Outro dia, vivi um daqueles momentos mágicos. Estava em Foz do Iguaçu. Eu, minha mulher e um amigo, andávamos à noite por uma rua deserta, a caminho do hotel. A alguns metros, três jovens conversavam e bebiam cerveja. Um deles, o mais alto, com alguns quilos a mais, me viu, arregalou os olhos e disse estendendo a mão na minha direção: “espera aí!”. Enquanto pensava se parava ou não, ele correu para um carro, ligou o rádio e botou “Dedication”, do Thin Lizzy, para tocar. Alto, bem alto. Eu vestia uma camisa dessa banda irlandesa. Gosto muito dessa banda e dessa camisa. Fui muito feliz naqueles segundos. O sujeito saiu do carro olhando pra mim, balançando a cabeça e sorrindo um sorriso sem fim.
“Você é da onde”, perguntou.
“Sou do Rio”, respondi.
“Aqui ninguém conhece essa banda”, continuou, ainda sorrindo e balançando a cabeça.
Eu ameacei a tirar camisa. Queria dá-la de presente. Devia isso a ele. Mas não o fiz, a camisa jamais caberia nele – hoje me arrependo disso; não importava se aquela camisa cabia ou não nele.

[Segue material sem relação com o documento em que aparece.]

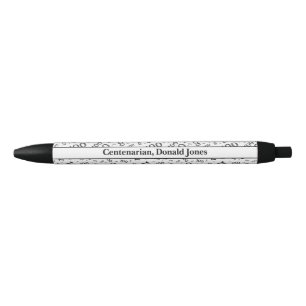 100th Birthday Age Number Pattern Black/Whlte Pen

Andando para o hotel, com “Dedication” ao fundo, um sorriso no rosto, e já com a lembrança daquela felicidade, fiquei pensando: bater na tecla da indústria cultural, da produção de cultura como mercadoria, não faz mais muito sentido hoje. Quer dizer, não é que isso não faça mais sentido, mas as coisas mudaram e insistir numa crítica baseada na idéia de uma perpetuação da lógica do mercado no consumo das mídias não dá conta do quadro em que vivemos hoje. Aquela minha felicidade só foi possível por causa dessa sociedade de mercado. Entende?
Pensei nos sociólogos Benedict Anderson e Arjun Appadurai. São caras que acordaram para o fato de que o consumo da mídia vem colecionando efeitos bem mais amplos que os da imprensa. Afinal, para além de seu sentido experiencial, prático e ao alcance de todos, a mídia atravessa os limites do estado-nação, estabelecendo laços invisíveis. Foi essa convicção que levou Anderson a criar o termo “comunidade política imaginada” para designar a idéia de “nação”. Uma nação que inventa espaços de solidariedade e constrói paulatinamente uma espécie de adesão silenciosa. A nação como um lugar de investimento e produção de desejo, um espaço de experimentação de algo que escapa a um estado de coisas demarcado pela terra física e geográfica. Uma “comunidade de sentimento”, como prefere Appadurai.